Independent Russ Potts may have only one chance left to qualify for an Oct. 9 televised gubernatorial-candidate debate.

Three organizations – Mason-Dixon, Rasmussen Reports and The Washington Post – have been regularly polling Virginia voters as to their preferences for governor in the 2005 elections. Only one of those three, the Ocean Grove, N.J.,-based Rasmussen Reports, is definitely coming out with survey results before the Oct. 6 cutoff for determing if Potts has reached the 15 percent voter-support threshold needed to secure inclusion in the Richmond debate, which will be broadcast statewide.

Those results, a Rasmussen Reports spokesman told The Augusta Free Press, are scheduled to be released later today.

A Post spokesperson told the AFP that the paper has a policy against revealing its polling schedule in advance of release.

Brad Coker, managing director of the Washington-based Mason-Dixon, told the AFP that his organization is not planning to conduct any surveys in Virginia until after the gubernatorial debate.

That plan could change, though, Coker said, if another poll released in the coming days showing Potts at the 15 percent support threshold set by the University of Virginia Center for Politics, which is cosponsoring next weekend’s debate with WWBT-NBC12 in Richmond, and agreed to by the campaigns of Democrat Tim Kaine and Republican Jerry Kilgore.

“Because of the requirement in the debate rules that Potts have 15 percent in two separate polls, there has been talk about doing something to get another set of numbers out there for comparison. But the final decision on that is made by a majority of the editors of the papers that commission us to do the polls,” Coker said.
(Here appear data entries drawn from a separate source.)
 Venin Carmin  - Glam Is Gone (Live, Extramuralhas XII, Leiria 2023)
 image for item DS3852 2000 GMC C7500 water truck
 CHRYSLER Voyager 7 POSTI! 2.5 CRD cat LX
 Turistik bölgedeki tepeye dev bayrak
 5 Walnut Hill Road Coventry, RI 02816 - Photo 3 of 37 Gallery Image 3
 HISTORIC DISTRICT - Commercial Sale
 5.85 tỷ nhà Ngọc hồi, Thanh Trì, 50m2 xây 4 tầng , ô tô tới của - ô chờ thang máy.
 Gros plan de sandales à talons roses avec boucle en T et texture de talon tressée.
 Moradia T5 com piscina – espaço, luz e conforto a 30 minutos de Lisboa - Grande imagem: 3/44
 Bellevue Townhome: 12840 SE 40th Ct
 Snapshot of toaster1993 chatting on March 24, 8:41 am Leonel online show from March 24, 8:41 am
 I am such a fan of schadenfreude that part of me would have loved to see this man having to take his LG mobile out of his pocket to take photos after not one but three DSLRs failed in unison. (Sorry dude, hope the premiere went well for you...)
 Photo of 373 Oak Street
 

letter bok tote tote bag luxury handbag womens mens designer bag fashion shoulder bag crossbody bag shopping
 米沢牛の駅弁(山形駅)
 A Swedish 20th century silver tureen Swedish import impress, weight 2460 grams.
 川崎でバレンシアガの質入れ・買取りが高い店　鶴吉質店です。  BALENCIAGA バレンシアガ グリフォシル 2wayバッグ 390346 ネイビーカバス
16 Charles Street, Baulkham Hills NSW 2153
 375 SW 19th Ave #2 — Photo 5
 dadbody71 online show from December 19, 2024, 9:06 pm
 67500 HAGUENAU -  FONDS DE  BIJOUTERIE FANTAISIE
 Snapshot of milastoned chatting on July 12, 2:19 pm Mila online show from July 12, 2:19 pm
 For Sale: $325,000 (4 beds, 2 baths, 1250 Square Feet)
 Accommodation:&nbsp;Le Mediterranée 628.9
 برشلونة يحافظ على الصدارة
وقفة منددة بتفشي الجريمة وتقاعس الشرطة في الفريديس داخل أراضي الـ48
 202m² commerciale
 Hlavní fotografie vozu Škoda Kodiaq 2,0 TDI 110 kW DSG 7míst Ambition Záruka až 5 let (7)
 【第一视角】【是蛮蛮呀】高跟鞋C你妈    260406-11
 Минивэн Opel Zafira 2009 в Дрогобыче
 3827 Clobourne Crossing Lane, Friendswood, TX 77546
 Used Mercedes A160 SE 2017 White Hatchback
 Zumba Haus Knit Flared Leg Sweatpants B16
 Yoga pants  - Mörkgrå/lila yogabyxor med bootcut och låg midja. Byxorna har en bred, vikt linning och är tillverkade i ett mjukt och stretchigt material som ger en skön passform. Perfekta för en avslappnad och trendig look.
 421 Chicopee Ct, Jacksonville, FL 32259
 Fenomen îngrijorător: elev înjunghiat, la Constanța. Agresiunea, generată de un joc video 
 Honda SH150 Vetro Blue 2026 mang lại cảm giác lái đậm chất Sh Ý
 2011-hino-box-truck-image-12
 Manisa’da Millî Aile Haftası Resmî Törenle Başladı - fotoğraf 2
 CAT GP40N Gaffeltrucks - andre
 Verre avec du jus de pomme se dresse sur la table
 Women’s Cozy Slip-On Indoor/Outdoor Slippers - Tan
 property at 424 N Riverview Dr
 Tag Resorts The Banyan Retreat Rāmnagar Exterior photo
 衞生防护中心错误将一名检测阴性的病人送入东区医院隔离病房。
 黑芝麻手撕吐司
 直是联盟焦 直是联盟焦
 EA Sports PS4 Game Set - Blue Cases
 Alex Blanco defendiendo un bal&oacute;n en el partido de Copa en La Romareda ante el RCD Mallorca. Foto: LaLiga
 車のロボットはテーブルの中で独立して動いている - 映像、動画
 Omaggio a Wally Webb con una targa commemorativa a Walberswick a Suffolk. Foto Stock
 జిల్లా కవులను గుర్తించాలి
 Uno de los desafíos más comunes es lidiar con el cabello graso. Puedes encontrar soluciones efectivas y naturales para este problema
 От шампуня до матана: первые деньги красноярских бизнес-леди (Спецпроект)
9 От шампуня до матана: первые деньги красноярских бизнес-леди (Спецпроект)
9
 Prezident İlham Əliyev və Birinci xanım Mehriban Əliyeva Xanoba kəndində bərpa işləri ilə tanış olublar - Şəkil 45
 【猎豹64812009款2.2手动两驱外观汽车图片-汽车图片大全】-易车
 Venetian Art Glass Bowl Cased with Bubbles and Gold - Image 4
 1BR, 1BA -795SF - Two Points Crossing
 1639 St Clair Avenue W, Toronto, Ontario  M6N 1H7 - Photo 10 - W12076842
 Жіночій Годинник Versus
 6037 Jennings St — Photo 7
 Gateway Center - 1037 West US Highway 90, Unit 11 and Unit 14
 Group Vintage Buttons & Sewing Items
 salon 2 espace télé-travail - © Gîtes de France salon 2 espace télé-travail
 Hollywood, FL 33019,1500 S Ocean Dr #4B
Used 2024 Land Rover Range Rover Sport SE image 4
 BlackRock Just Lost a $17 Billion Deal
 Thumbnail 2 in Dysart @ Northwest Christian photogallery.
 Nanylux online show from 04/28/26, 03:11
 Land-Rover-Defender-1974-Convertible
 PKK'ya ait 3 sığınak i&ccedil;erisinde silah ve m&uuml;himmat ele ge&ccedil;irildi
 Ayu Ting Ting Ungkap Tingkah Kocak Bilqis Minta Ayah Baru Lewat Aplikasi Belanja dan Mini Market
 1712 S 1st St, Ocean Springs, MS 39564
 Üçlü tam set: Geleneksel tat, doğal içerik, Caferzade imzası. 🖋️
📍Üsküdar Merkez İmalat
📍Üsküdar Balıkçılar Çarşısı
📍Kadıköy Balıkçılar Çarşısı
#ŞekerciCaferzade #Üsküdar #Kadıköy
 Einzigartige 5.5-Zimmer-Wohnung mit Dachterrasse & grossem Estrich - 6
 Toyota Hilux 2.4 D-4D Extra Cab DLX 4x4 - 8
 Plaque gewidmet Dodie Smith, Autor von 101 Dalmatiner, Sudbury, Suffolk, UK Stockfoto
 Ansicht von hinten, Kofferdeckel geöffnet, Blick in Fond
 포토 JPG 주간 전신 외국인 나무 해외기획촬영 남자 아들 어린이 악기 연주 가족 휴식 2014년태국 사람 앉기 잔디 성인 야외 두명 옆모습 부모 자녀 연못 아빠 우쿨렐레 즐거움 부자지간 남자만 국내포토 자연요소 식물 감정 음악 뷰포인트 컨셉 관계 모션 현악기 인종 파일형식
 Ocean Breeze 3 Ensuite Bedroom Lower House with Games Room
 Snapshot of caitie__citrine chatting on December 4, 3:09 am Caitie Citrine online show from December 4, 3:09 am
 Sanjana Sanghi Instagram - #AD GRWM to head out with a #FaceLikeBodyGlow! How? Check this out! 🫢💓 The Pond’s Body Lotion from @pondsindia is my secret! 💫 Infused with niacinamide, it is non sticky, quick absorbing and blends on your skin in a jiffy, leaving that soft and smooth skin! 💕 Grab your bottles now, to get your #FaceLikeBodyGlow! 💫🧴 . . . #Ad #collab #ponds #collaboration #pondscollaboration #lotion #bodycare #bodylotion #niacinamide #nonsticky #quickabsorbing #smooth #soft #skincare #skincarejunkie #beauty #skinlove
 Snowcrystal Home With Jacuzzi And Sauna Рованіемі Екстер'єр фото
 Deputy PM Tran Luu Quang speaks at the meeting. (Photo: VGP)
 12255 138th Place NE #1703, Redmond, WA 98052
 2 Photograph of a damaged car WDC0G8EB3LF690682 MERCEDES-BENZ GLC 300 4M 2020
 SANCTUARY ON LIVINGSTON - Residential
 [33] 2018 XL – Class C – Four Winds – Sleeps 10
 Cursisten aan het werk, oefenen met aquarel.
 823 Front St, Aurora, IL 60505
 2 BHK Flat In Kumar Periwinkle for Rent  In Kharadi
What that means is that Potts’ showing in today’s Rasmussen poll could determine whether or not he gets into the debate.

“I question the threshold. Who is Larry Sabato to set some threshold? Who is he to determine some 15 percent threshold?” said Potts, expressing his frustration at the rules for the debate.

Sabato is the director of the Center for Politics. The UVa. professor will serve as the moderator for the candidate debate.

“There was one threshold, and that was to get on the ballot. And we’re on the ballot. And if you’re on the ballot, you ought to be in the debate. Case closed,” Potts told the AFP.

Coker, for his part, said he personally thinks the 15 percent threshold set for inclusion in the debate is “too high.”

“We work with debate organizers across the country, and I don’t recall even seeing one that set the threshold for inclusion into a general-election debate at 15 percent,” Coker said.

The norm, Coker said, is usually 5 percent or 10 percent.
“It varies from state to state. But in states where there are organized third parties, such as Greens or Libertarians, that are regularly on the ballot for state elections, a 5 percent threshold can be a substantial barrier that can keep a third-party candidate off a ballot,” Coker said.

“Some debates go with 10 percent as the cutoff, and if that was the case with this debate in Virginia, Potts could be close, because our last polling had him at 5 percent, but that was before he went on the air to kick off his media campaign,” Coker said.